Gesa Ufer: Zwei Jahre hat Nuran David Calis an seinem aktuellen Projekt gearbeitet: "Herero_Nama" heißt es und widmet sich einem Teil der deutschen Kolonialgeschichte, über die lange geschwiegen wurde, dem Mord des deutschen Kaiserreichs an circa 80.000 Herero und Nama in Namibia, der als erster Genozid des 20. Jahrhunderts in die Geschichte einging. Morgen Abend ist die Premiere von "Herero_Nama: A History of Violence" am Schauspiel Köln, und der Autor und Regisseur Nuran David Calis ist mir jetzt aus Köln zugeschaltet. Gab es für Sie eine Initialzündung, sich mit diesem Kapitel der Kolonialgeschichte auseinanderzusetzen?
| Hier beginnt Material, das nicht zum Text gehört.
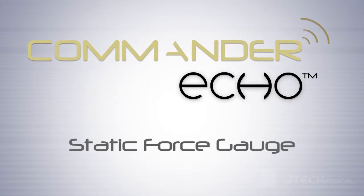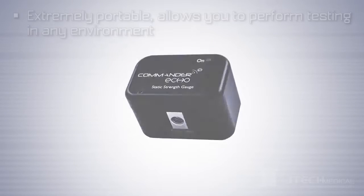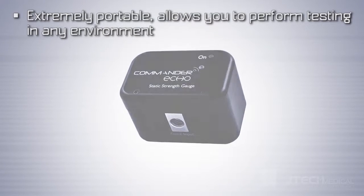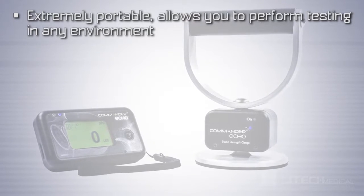Introducing the new Commander Echo Static Force Gauge. Commander Echo's Wireless Static Force Gauge is extremely portable, allowing you to perform functional testing in any environment.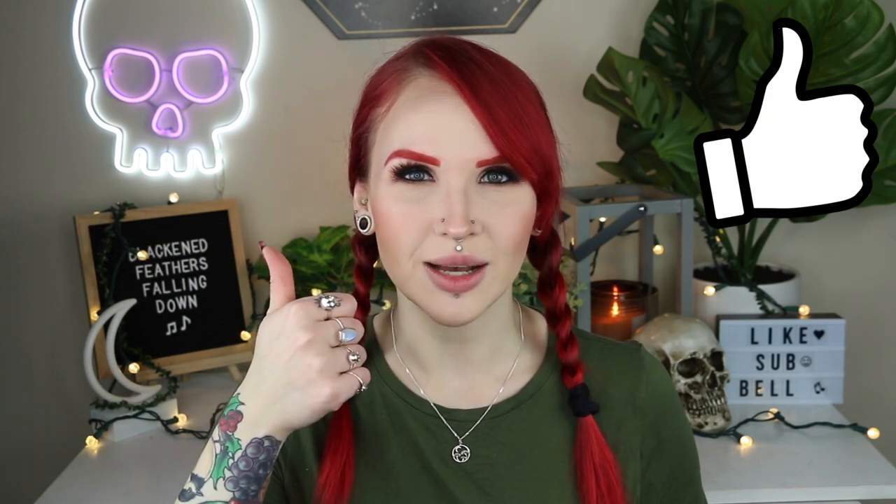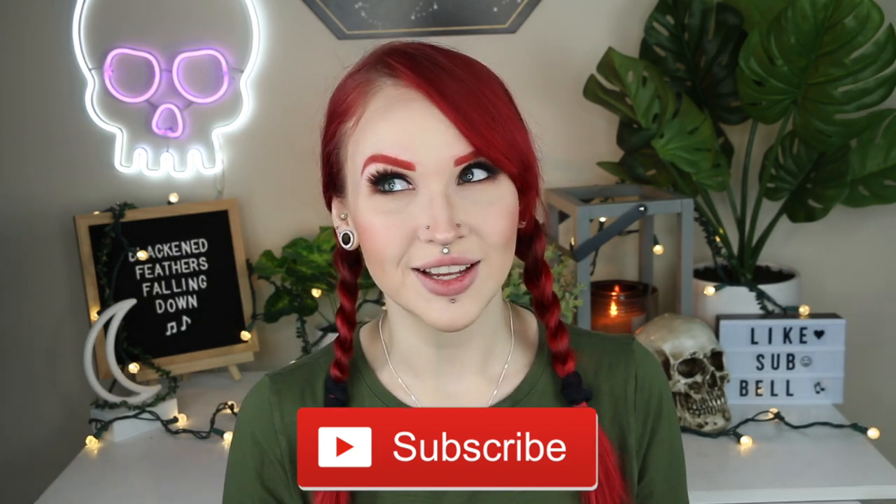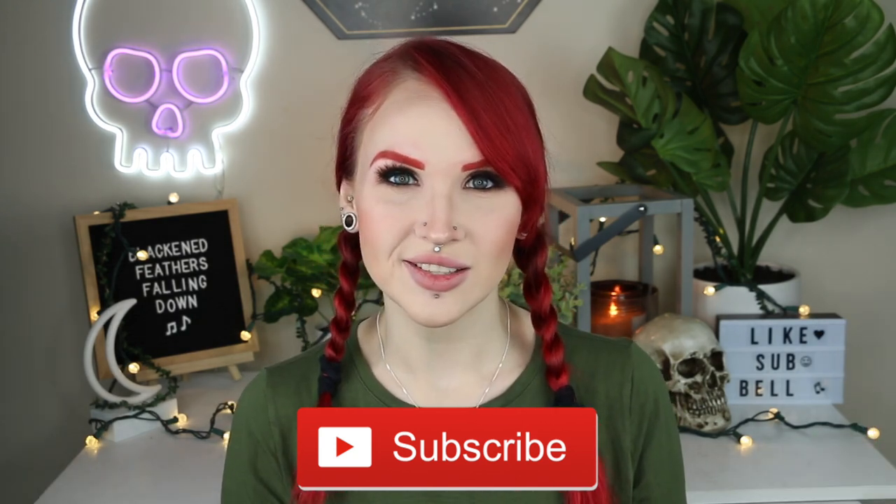But that is it for this video. If you enjoyed it please give it a big thumbs up, and hit that subscribe button. Also hit that notification bell in case you want to know when I upload, because I would really appreciate it.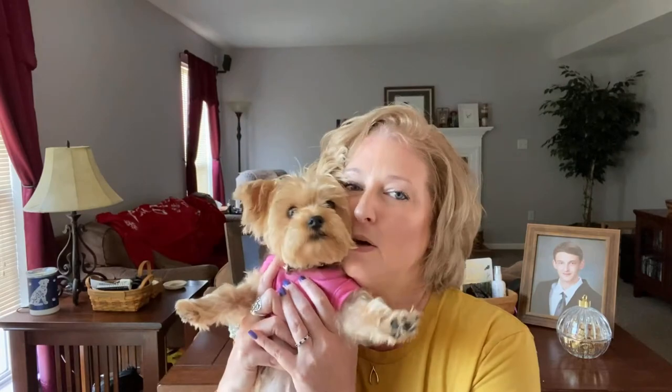Hi everyone, it's Tracy with Creatively Tracy. How's everyone doing? I hope you all had a happy and safe 4th of July. I'm coming to you from Hanover, Pennsylvania, and little Penny wanted to say hello. She jumped up right on my lap as soon as I started.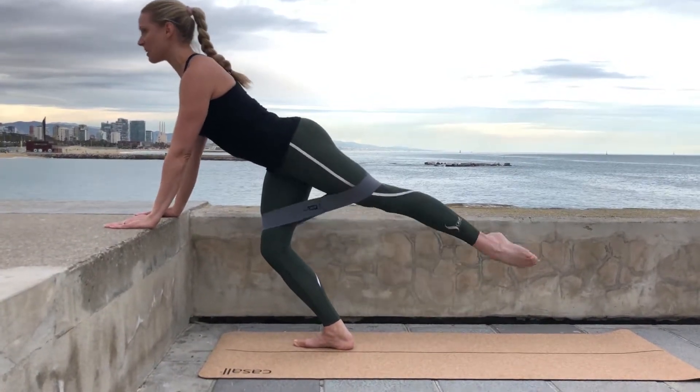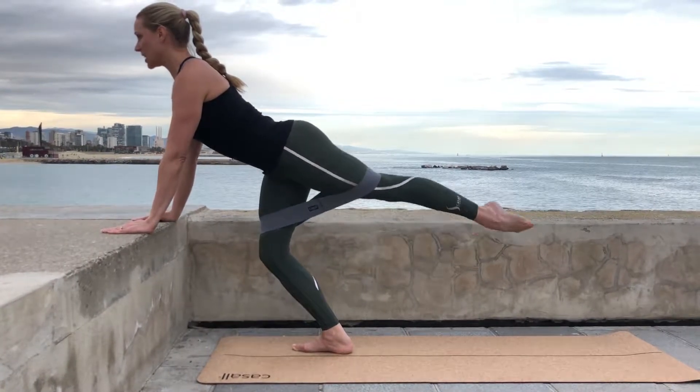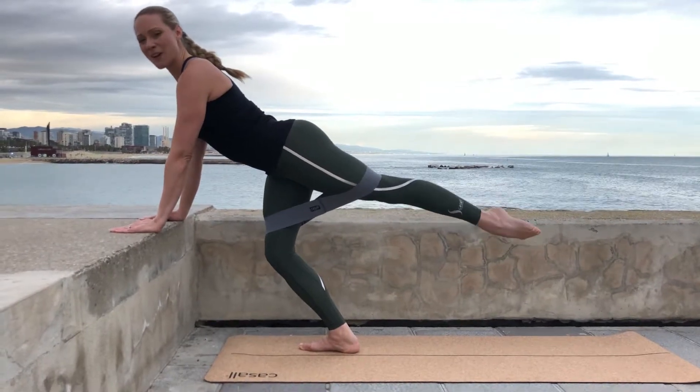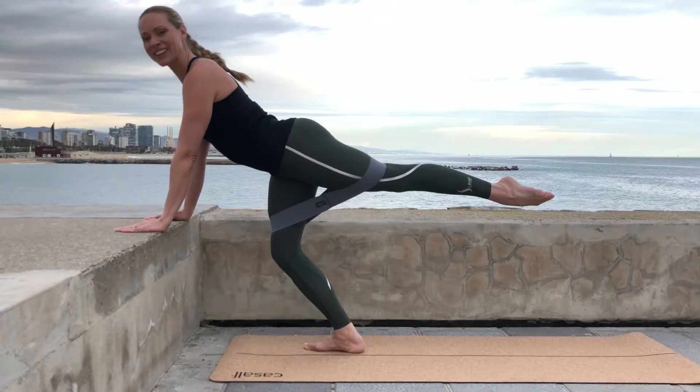Keep lengthening that back and stay up, keep pulsing — feeling it a little bit more intense, feeling that resistance band. Five, four, three, two, one — and come down.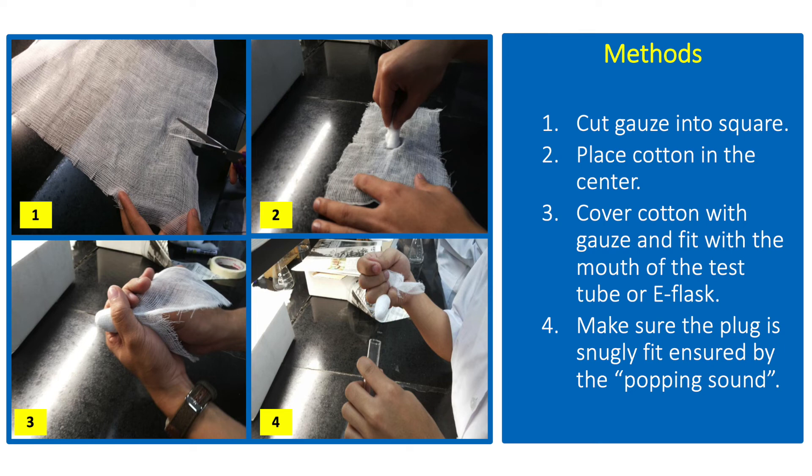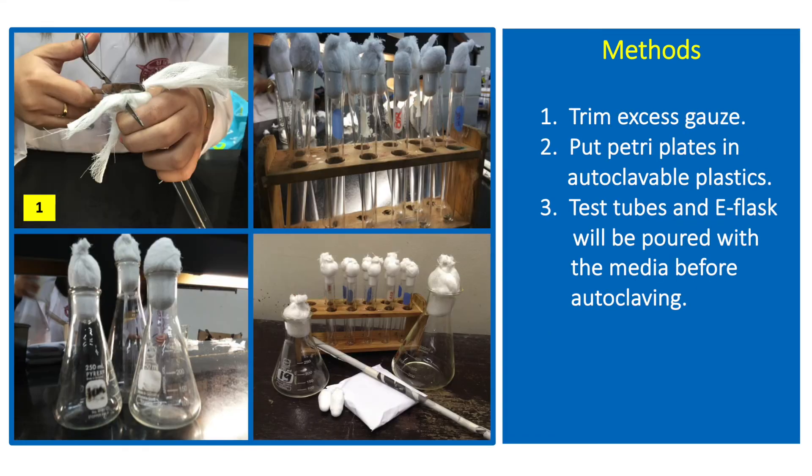To ensure this, you can adjust the amount of cotton until it makes a popping sound once pulled from the test tube or flask. After getting the proper fit, tie and cut the excess gauze from the plug. Additionally, aluminum foil can also be used to cover the cotton plugs before putting them in the autoclave. Wrapped petriplates are put in an autoclavable plastic before sterilization.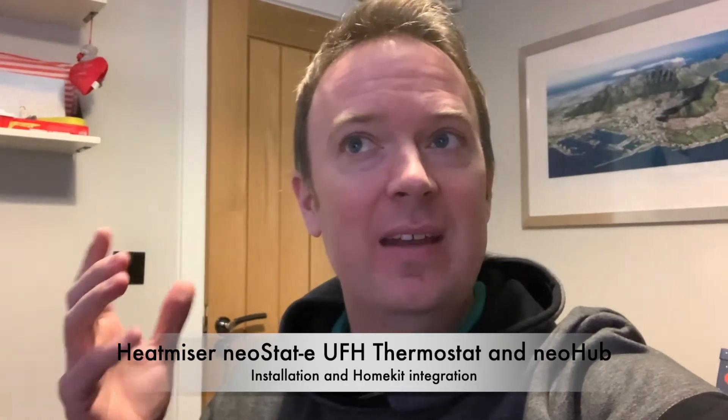Time for another video, this time about electric underfloor heating. I have a Netatmo central heating system that runs all the radiators, and I have a smart radiator valve in each of the rooms. That means I can control the central heating very easily on a per-room basis — making the study warm while I'm in here, the lounge warm in the evening, and not heating rooms I don't need to.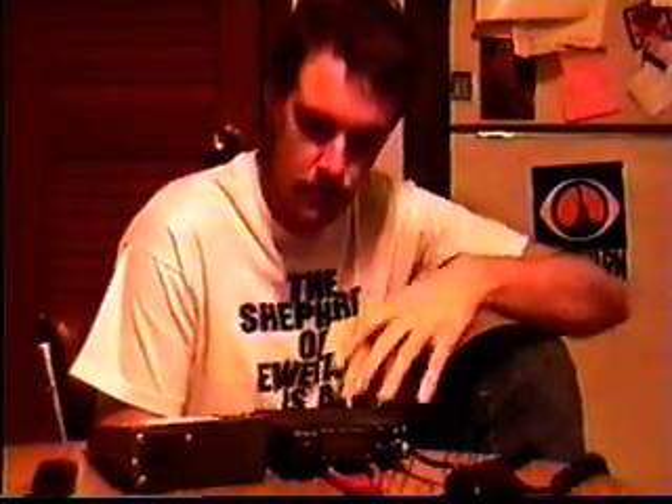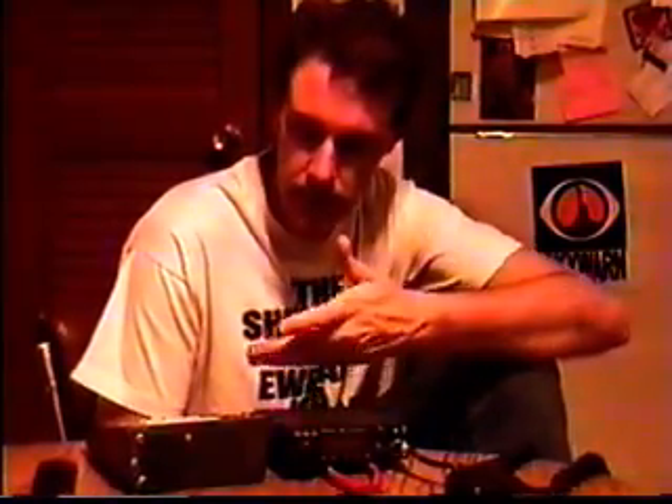Hi everybody. I know we're having a contest this month, a Johnson Power Supply contest, and I've got a good practical use for a Johnson Power Supply running a 2-meter rig, which I got right here. Johnson Power Supply hooked up.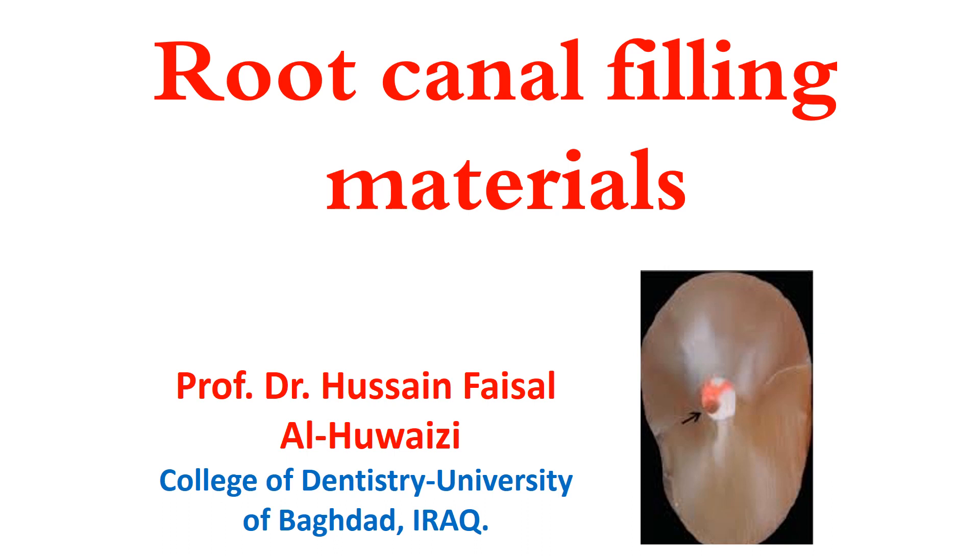Root canal filling materials. In endodontics, we have many filling materials. First of all is the core, which is mainly gutta-percha, and the assisting material is the sealer, which seals areas that cannot be filled by the core.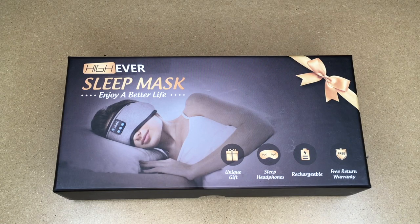Welcome. In this video I'm going to be taking a look at this Hi-Ever sleep mask with Bluetooth headphones. This was provided to me by the distributor, but they're not compensating me for this video and they're not reviewing it before I post it. If you find this video helpful, I'll put a link to this in the description on Amazon, and if you use that link it helps me out a little bit and doesn't cost anything extra.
Calis: Ich hatte zwei Standbeine, als ich mich diesem Thema angenähert habe. Das eine war natürlich meine persönliche Geschichte, die ich als Armenier im Kampf für die Anerkennung des Völkermords sozusagen in die eigene Biografie hineingeschrieben bekommen habe, und auch teilweise diesen aussichtslosen Kampf, den wir immer wieder geführt haben, um die Armenienfrage zu klären mit der Türkei. Das hat mich total berührt, dass die Herero und Nama einen ähnlichen Kampf schon etwas früher angefangen haben, um die Anerkennung des Völkermords für sich und für ihr Volk der breiteren Gesellschaft sichtbar zu machen.
Ufer: Sie sprachen von zwei Standbeinen. Also einerseits diese armenische Geschichte, gibt es noch ein zweites?
Calis: Genau, das zweite war die momentane Situation der Flüchtlingsströme, die über das Mittelmeer nach Europa eindringen, und mir ist es zu einfach, zu sagen, dass man die Grenzen hochzieht und Ankerzentren in Nordafrika baut. Ich wollte den großen gesellschaftlichen und zeitlichen Zusammenhang verstehen, warum dieser Kontinent so nach Europa reindrückt, und da ist mir sichtbar geworden, dass wir eine 500-jährige Kolonialgeschichte hinter uns haben, in dem wir diesen Kontinent total kaputtgemacht haben, und jetzt kommt er Stück für Stück zurück.

"Wir waren schnell bei denen, die es getan haben"

Ufer: Wie nähern Sie sich dramaturgisch dem, was damals passiert ist, also wie verarbeiten Sie diese Geschichte auf der Bühne?
Calis: Also zunächst einmal sind wir selber Archäologen. Ich habe zum Beispiel ein deutsches Abitur, ein normales, und ich habe nichts über diese Kolonialgeschichte erfahren, und dann haben wir in Schulbüchern angefangen zu graben und zu gucken und uns selber die Frage zu stellen und zu befragen: 'Was ist da eigentlich passiert?' zusammen mit den beiden Vertretern der Herero und Nama in diesem Probenprozess.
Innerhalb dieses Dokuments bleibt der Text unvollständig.